2.6.De maatschapovereenkomst van [de maatschap], die behoort tot de stukken van het geding, biedt aspirant-registerloodsen de mogelijkheid om tijdens het leertraject als toekomstig niet-beherend vennoot toe te treden tot de maatschap. De aspirant-registerloods dient zich volgens artikel 6 van de overeenkomst te verplichten om, zodra hij niet-beherend vennoot is, een bedrag aan kapitaal te storten in de maatschap alsmede aandelen te verwerven in onder andere het kapitaal van de beherend vennoot. Belanghebbende stelt dat hij na de selectie in februari 2003 is benoemd tot toekomstig niet-beherend vennoot en dat de positie van toekomstig niet-beherend vennoot moet worden gezien als een aanloopfase naar beherend vennoot. Naar de rechtbank verstaat, bedoelt belanghebbende met deze stelling dat hij reeds als toekomstig niet-beherend vennoot een onderneming dreef.

2.7.Naar het oordeel van de rechtbank leidt de benoeming tot toekomstig niet-beherend vennoot niet tot het ontstaan van een onderneming. Door toetreding als toekomstig niet-beherend vennoot is belanghebbende immers nog geen medegerechtigde geworden tot het ondernemingsvermogen van de maatschap.

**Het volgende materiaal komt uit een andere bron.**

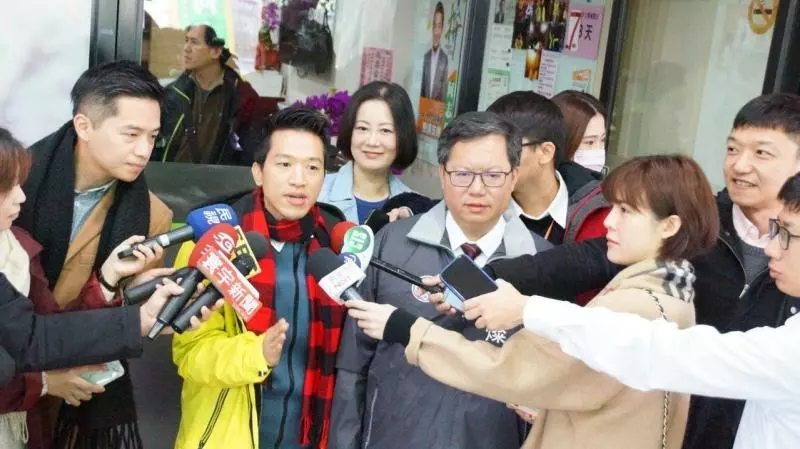 柯P「強盜說」惹議 鄭文燦:我們聽完就知道他會修正 | 政治 | 要聞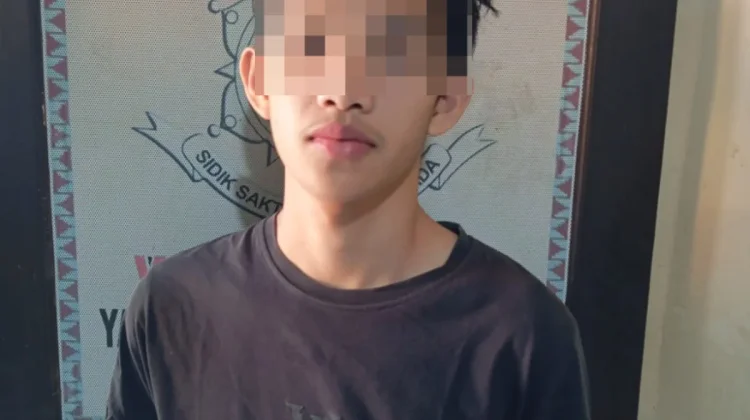 Pemuda 18 Tahun Ditangkap usai Curi Motor di Way Kanan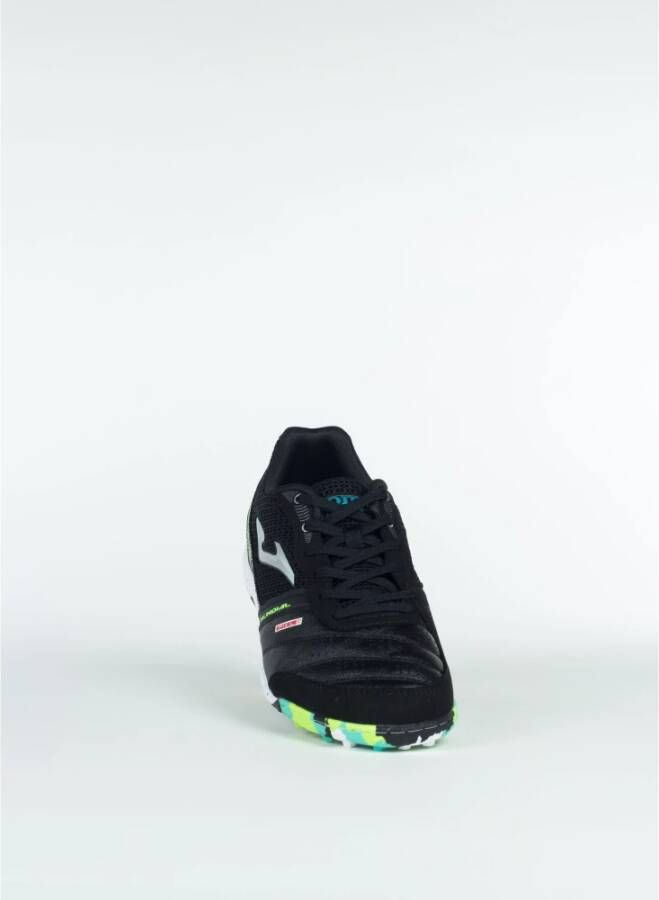 Joma Mundial TF Voetbalschoenen Black Heren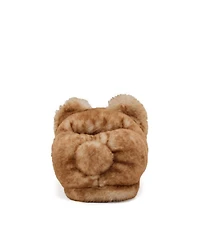 Dearfoams Men's Papa Bear Closed Back Slipper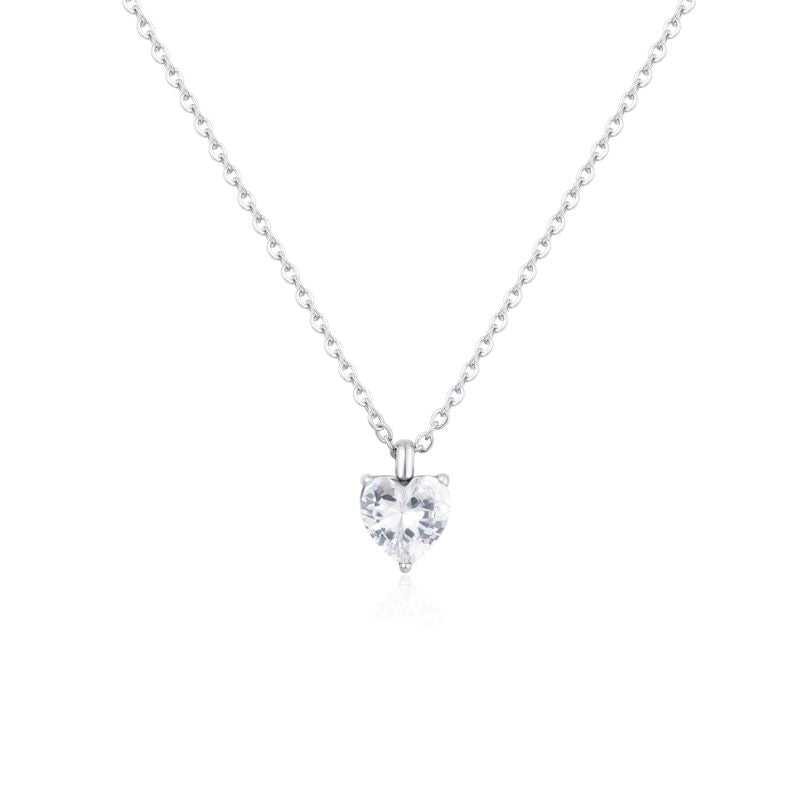 Collana con Cristallo a Cuore - Attimi - #BrandGioielli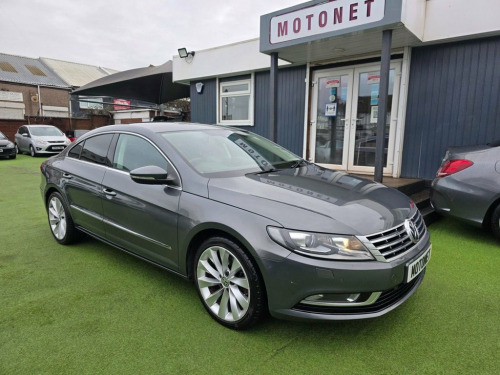 Volkswagen CC  2.0 TDI BlueMotion Tech GT Saloon 4dr Diesel DSG E 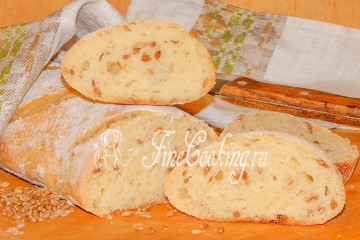 Хлеб с пророщенной пшеницей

2.8.Het enkele feit dat de verhuizing naar Vlissingen voor belanghebbende de mogelijkheid schiep om na toetreding als volwaardig niet-beherend vennoot in [de maatschap] zijn onderneming aldaar te gaan drijven, is niet voldoende om die verhuizing aan te merken als voorbereidingshandeling voor het tot stand komen van die onderneming. Ten tijde van de verhuizing stond immers nog niet vast dat belanghebbende als volwaardig vennoot zou toetreden. Daarvoor was vereist dat de opleiding met goed gevolg zou zijn afgerond en dat belanghebbende van aspirant-registerloods zou zijn bevorderd tot registerloods als bedoeld in artikel 1, eerste lid, onderdeel e, van de Loodsenwet. Daarvan was ten tijde van de verhuizing nog geen sprake. De rechtbank is van oordeel dat er onvoldoende direct verband is tussen de verhuizing en de toekomstige onderneming.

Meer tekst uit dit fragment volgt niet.